Marjane (center) bumps up against fundamentalism in "Persepolis."

It would be a worthy winner, too. Not that this hand-drawn French production's simple black-on-white graphics approach the depth of Pixar's "Ratatouille," but the quest for photorealism is not the only game in town.

Co-directed by Marjane Satrapi and Vincent Paronnaud, based on Satrapi's graphic novels, "Persepolis" has some of the blithe, spindly finesse of a New Yorker cartoon, but a cartoon that at any given moment threatens to descend into inky expressionist gloom.

Satrapi has acknowledged the influence of Art Spiegelman's "Maus" on her work, and just as "Maus" marked a shift in the pedigree of the graphic novel --"comic book" was no longer a sufficient term when the Holocaust was the topic -- "Persepolis" is an animated film aimed at a sophisticated adult audience. Unless you count Richard Linklater's Rotoscoped "A Scanner Darkly" and "Waking Life," it's hard to think of a recent American equivalent.

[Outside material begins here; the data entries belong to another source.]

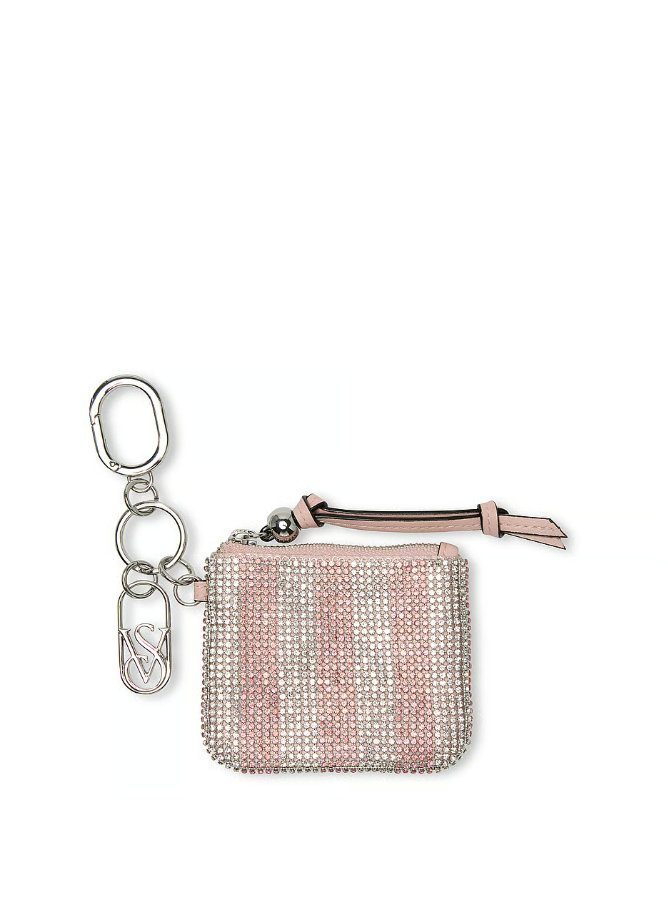 Comprar VICTORIA'S SECRET- SHINE POUCH BAG CHARM KEYCHAIN - R$189,00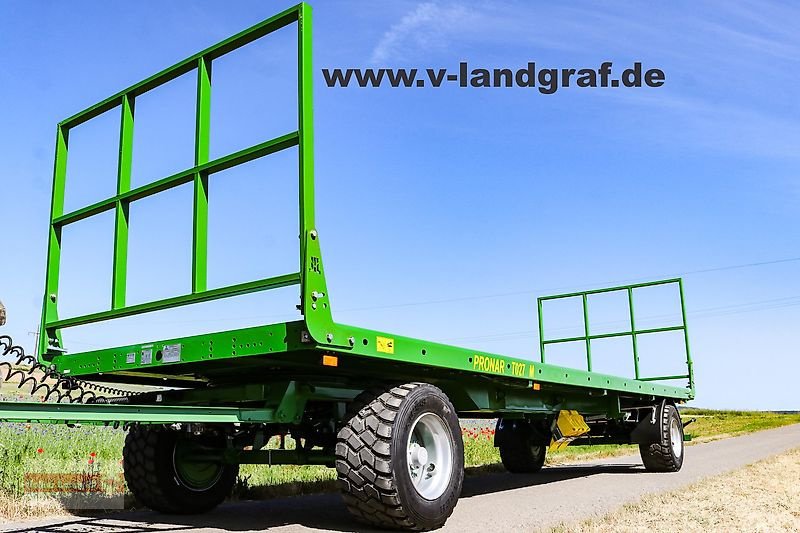 Ballentransportwagen типа PRONAR T 027 M Ballenwagen 18 to, Neumaschine в Ostheim/Rhön (Фотография 1)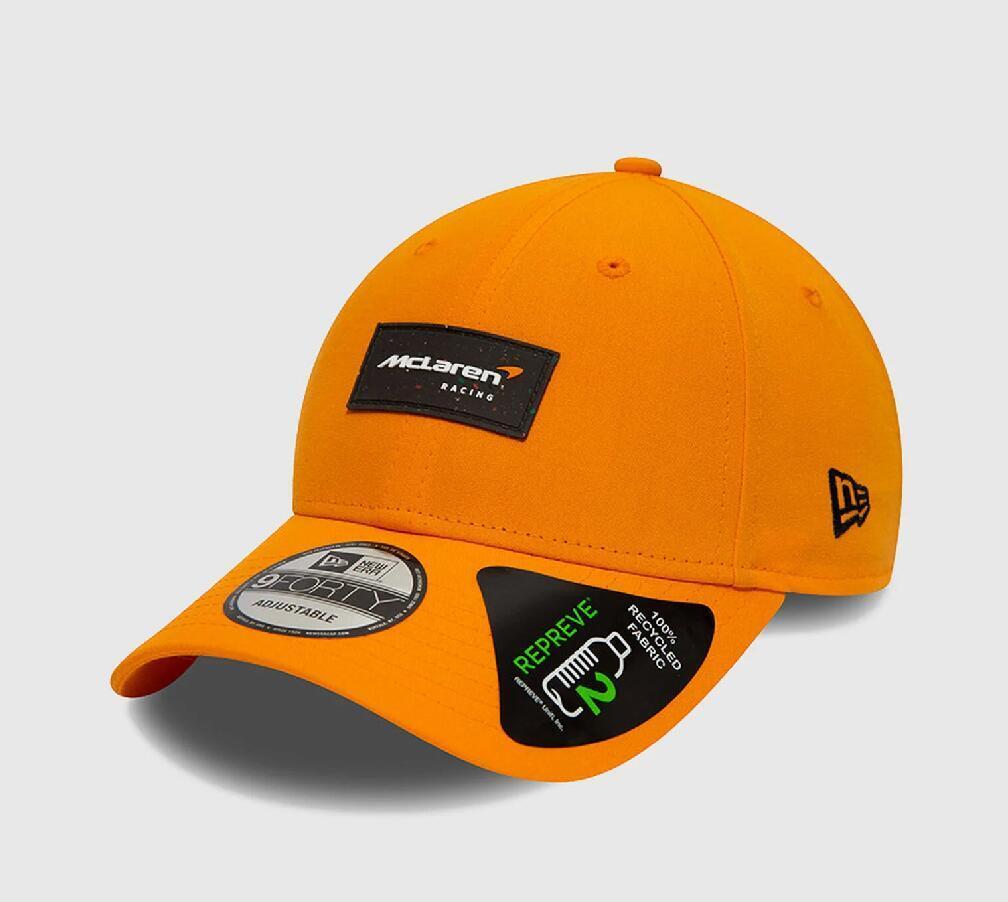  Official New Era McLaren Racing Repreve 9FORTY Unisex Adjustable Cap (Adults) BNWT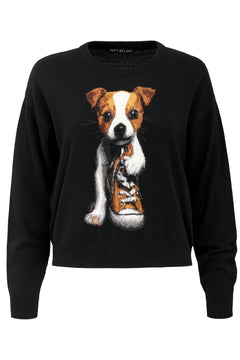 Fufu O Neck Sweater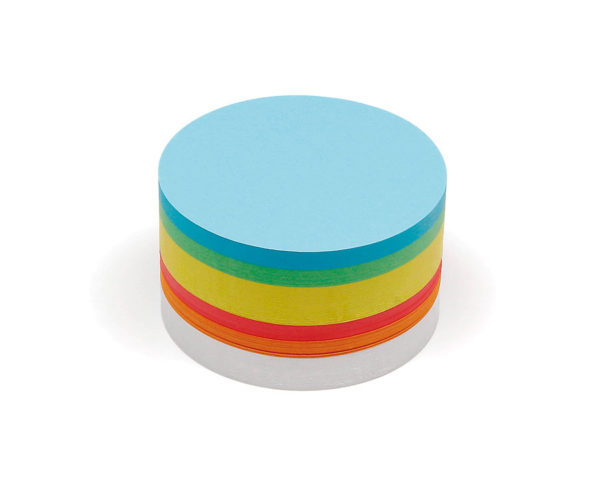 Pin-it cards, circular, assorted colours, for facilitation, sold by Inky Thinking UK, an official Neuland, Germany reseller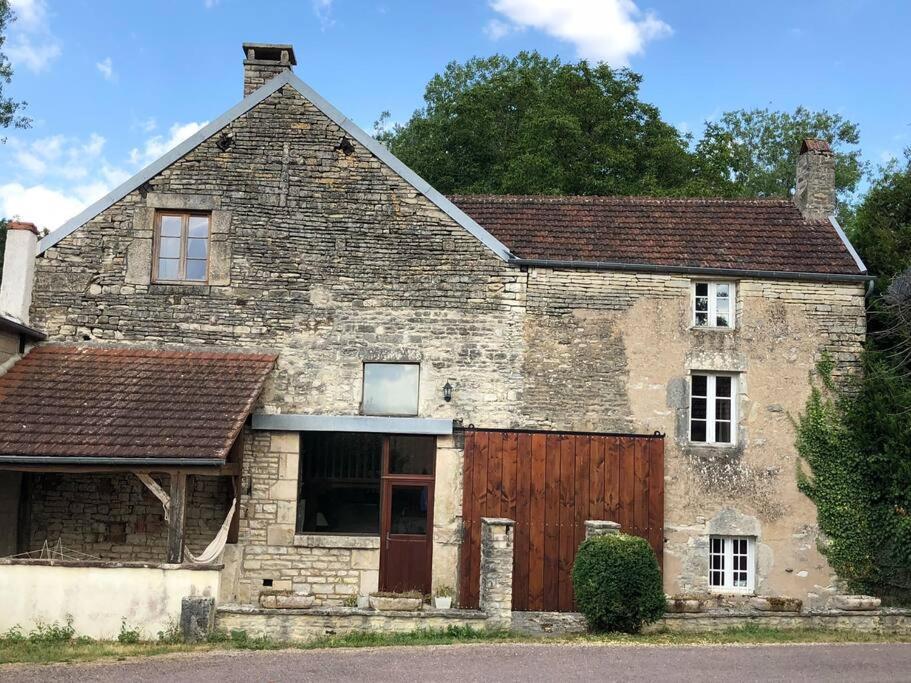 Magnifique Moulin Proche Chablis, Jacuzzi Et Riviere Annay-sur-Serein Exterior foto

The narrative takes the form of Disney's old standby, the coming-of-age story, but in a context that's alien to most of us.

In 1979 Marjane is a 9-year-old Bruce Lee nut in Tehran. The fall of the shah is cause for celebration in the Satrapi household: Marjane's family of cosmopolitan Marxists has suffered imprisonment and intimidation under his rule. The revolution is a time of hope and opportunity.

But it doesn't last. Religious fundamentalists take control, Marjane and her friends are forced to wear the veil and social freedoms are curtailed. Worse is to come when Iran goes to war with Iraq.

As the 1970s feminist slogan had it, "the personal is political," and in a theocracy the political is also inescapably personal.

The film folds a pocket history of Persia into Marjane's sentimental education, but in many ways the small domestic details are the most telling. Consider that a routine police check sends the whole family into panicky emergency mode in case their illicit booze is discovered.

Outspoken and rebellious, the teenage Marjane goes through a punk phase and buys contraband Michael Jackson cassettes on the black market. She has to talk fast when she's accosted on the street by hard-liners, two women whose billowing chadors make them look like wraiths.

The gaping disconnect between life in the public and the private spheres is your basic teenage endurance course, but here the stakes are ratcheted up.

Yet the film never succumbs to the melodramatic impulse that destroys a broadly similar saga in "The Kite Runner." Satrapi keeps her story moving briskly, and even moments of extreme danger are leavened with self-mockery and satire.

When it comes to that deceptively simple but very important job of putting a familiar face on a stranger, "Persepolis" -- which refers to the ancient capital of the Persian Empire before it was destroyed by Alexander the Great -- may achieve more than any of this season's soul-searching Iraq war movies.

As it goes on, this becomes a story about conformity and individualism, and it's worth noting that Marjane is both more readily recognizable -- and more of an individualist -- than a lip-service rebel like "Juno's" Juno MacGuff.

Marjane's relationship with her wise and wicked grandmother, voiced by Danielle Darrieux, is a glowing testament to an indomitable female spirit. When Chiara Mastroianni, as the older Marjane, breaks into a croaky English karaoke rendition of Survivor's "Eye of the Tiger," it's hard to suppress a cheer.

Which is generally the way "Persepolis" makes you feel as you leave the theater.